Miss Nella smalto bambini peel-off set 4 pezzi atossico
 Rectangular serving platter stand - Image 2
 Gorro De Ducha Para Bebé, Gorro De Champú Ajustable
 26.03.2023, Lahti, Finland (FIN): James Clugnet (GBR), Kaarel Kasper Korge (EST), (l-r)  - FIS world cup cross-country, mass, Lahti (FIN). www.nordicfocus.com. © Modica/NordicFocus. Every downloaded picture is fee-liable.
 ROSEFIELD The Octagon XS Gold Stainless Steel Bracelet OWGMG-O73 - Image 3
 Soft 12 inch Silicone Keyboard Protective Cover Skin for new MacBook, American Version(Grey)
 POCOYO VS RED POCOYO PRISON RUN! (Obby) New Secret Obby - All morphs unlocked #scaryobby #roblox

What the task requires: Your answer must be every line from the listing above that holds the string "Image".

Solution for this task:
 Rectangular serving platter stand - Image 2
 ROSEFIELD The Octagon XS Gold Stainless Steel Bracelet OWGMG-O73 - Image 3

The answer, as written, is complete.